Previously, Melania had said through her spokeswoman, Stephanie Grisham, that she hoped Democrats and Republicans would work together to solve family separations.

"Mrs. Trump hates to see children separated from their families and hopes both sides of the aisle can finally come together to achieve successful immigration reform," Grisham told CNN on Sunday. "She believes we need to be a country that follows all laws, but also a country that governs with heart."

On Wednesday, Trump signed an executive order that would end family separations taking place at the U.S.-Mexico border. However, he also said that the administration would continue to enforce a so-called "zero tolerance policy" which mandates that every undocumented person caught illegally crossing the border be prosecuted.

Instead of separating families, the executive order moves to "detain alien families together throughout the pendency of criminal proceedings for improper entry or any removal or other immigration proceedings."

According to the order, Sec. Nielsen will "maintain custody of alien families" while they await judicial procedures." Until the order was signed, separated children were turned over to the Office for Refugee Resettlement, which is part of the Department of Health and Human Services (HHS).

The family separations began to take place at an alarming rate after the Department of Homeland Security and Attorney General Jeff Sessions announced the "zero tolerance policy" in May.

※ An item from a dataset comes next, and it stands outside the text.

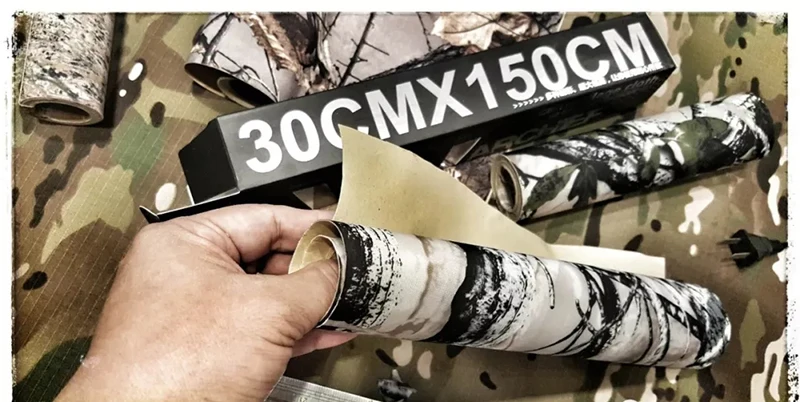 150 см х 30 для отдыха на открытом воздухе охотничий бионический лента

On May 4, DHS Press Secretary Tyler Houlton released a statement announcing the new policy. "If you enter our country illegally, you have broken the law and will be referred for prosecution," he said. He continued:

DHS has zero tolerance for those who break the law and will no longer exempt classes or groups of individuals from prosecution. Whether you are a single adult or an adult member of a family unit, if you are apprehended you will be prosecuted and put in removal proceedings.

Several days later, Sessions made a similar announcement. In a speech, he said that if anyone is caught "smuggling a child, then we will prosecute you and that child will be separated from you as required by law."

On Tuesday, DHS officials said that 2,342 children were separated from their parents along the border between May 5 and June 9, according to The Washington Post. That averaged out to about 65 children separated from their families each day.

Children are not allowed to be held in jails. Because of this, the so-called "zero-tolerance policy," which requires that all adults caught illegally crossing the U.S.-Mexico border face prosecution, resulted in thousands of children being taken away from their families. The children were reclassified as unaccompanied alien children and handed over to HHS.

From there, children were moved into various detention centers, which politicians and journalists have had limited access to. Accounts of prison-like conditions, and of infants being held in cages, which many have dubbed "baby jails," have fanned flames of outrage across both the United States and the world.

Though Trump has signed this executive order, it is not clear yet what will happen to those families that have already been separated. It is also not clear how the administration will meet the need for housing families together.